SESSION TITLE: DVT/PE/Pulmonary Hypertension Posters
SESSION TYPE: Original Investigation Poster
PRESENTED ON: Wednesday, October 30, 2013 at 01:30 PM - 02:30 PM
PURPOSE: Obstructive Sleep Apnea (OSA) is a prevalent, yet underdiagnosed contributor to pulmonary hypertension (PH). Despite recent recommendations to screen PH patients for OSA, there is currently no standardized screening protocol. We aimed to characterize current screening practices at a university-based pulmonary hypertension center.

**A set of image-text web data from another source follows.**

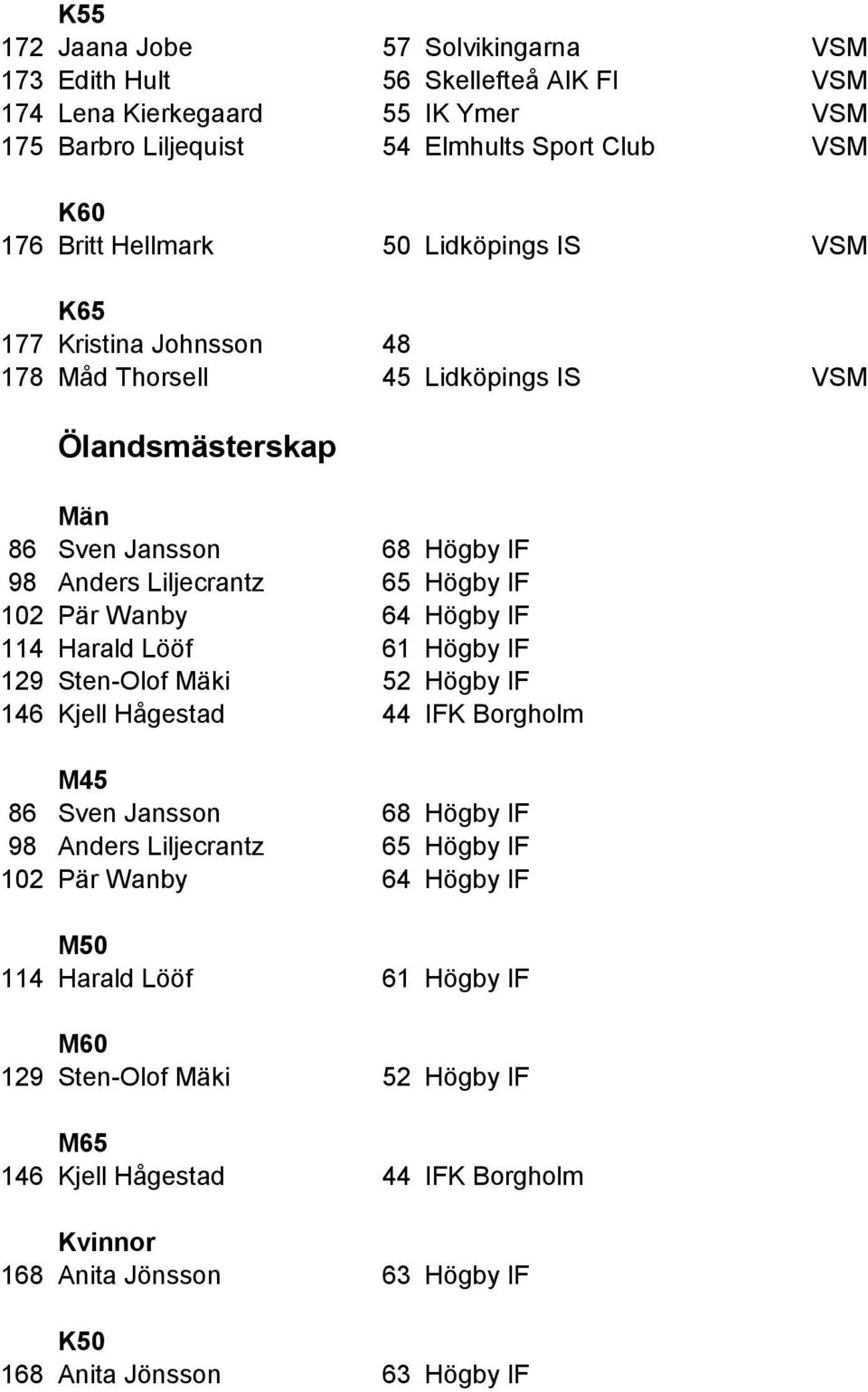 Pär Wanby 64 Högby IF 114 Harald Lööf 61 Högby IF 129 Sten-Olof Mäki 52 Högby IF 146 Kjell Hågestad 44 IFK Borgholm M45 86 Sven Jansson 68 Högby IF 98 Anders Liljecrantz 65 Högby IF 102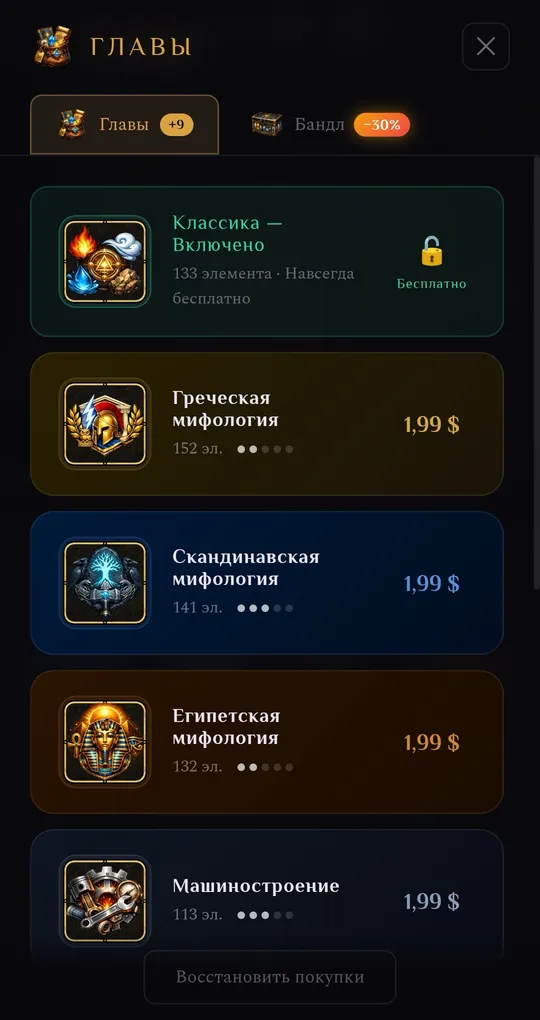 Выбор главы
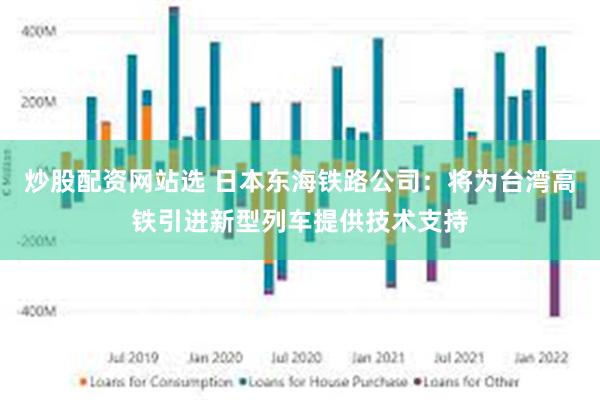 炒股配资网站选 日本东海铁路公司：将为台湾高铁引进新型列车提供技术支持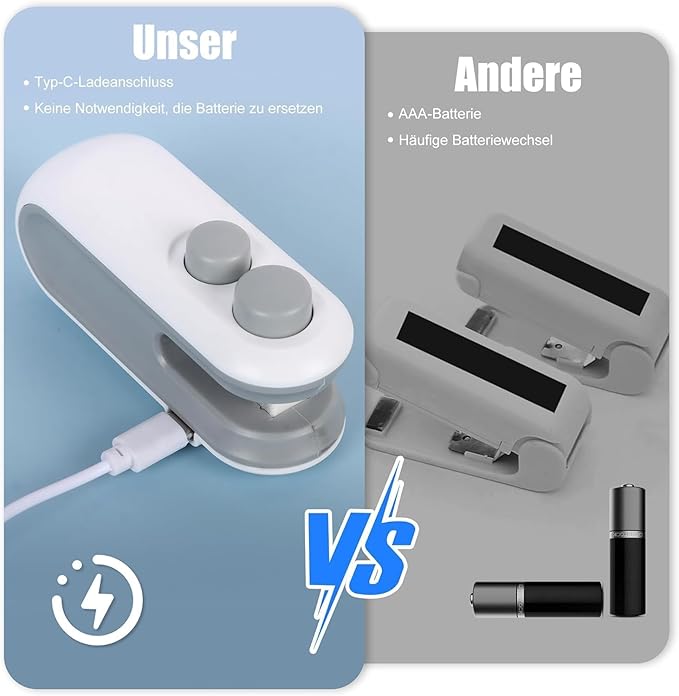 2-in-1 Kitchen Tool for Sealing & Cutting Packets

METHODS: Single center retrospective chart review of patients undergoing evaluation for PH at Tufts Medical Center from 2005 to 2012. Patients with PH (resting mean pulmonary artery pressure ≥ 25 mm Hg) were included if they had at least 3 clinic visits, and were excluded if they had a prior diagnosis of OSA. Clinic notes were reviewed for the presence of pre-specified OSA risk factors and physical findings including snoring, witnessed apnea, choking/gasping during sleep, daytime sleepiness, fatigue, Epworth sleepiness scale, body mass index (BMI), Mallampati score, neck circumference or the use of a screening questionnaire. Recommendation for polysomnography (PSG) by the attending physician was also recorded.
RESULTS: Of 235 patients undergoing right heart catheterization during the study period, 81 patients met inclusion criteria. The study population was predominantly female (60%) with a mean age of 63 ± 14 years and a BMI of 27 ± 6 kg/m2 (both mean ± SD). No OSA risk factors were documented in 21/81 patients (26%), and only one risk factor was documented in 22/81 patients (27%). When documented, the most frequently assessed risk factors included Mallampati score (83%), daytime sleepiness (43%), snoring (43%), and fatigue (43%). We found a positive association between patient reported daytime sleepiness, and referral for PSG (p =0.04). BMI did not correlate with referrals for PSG (p = 0.35).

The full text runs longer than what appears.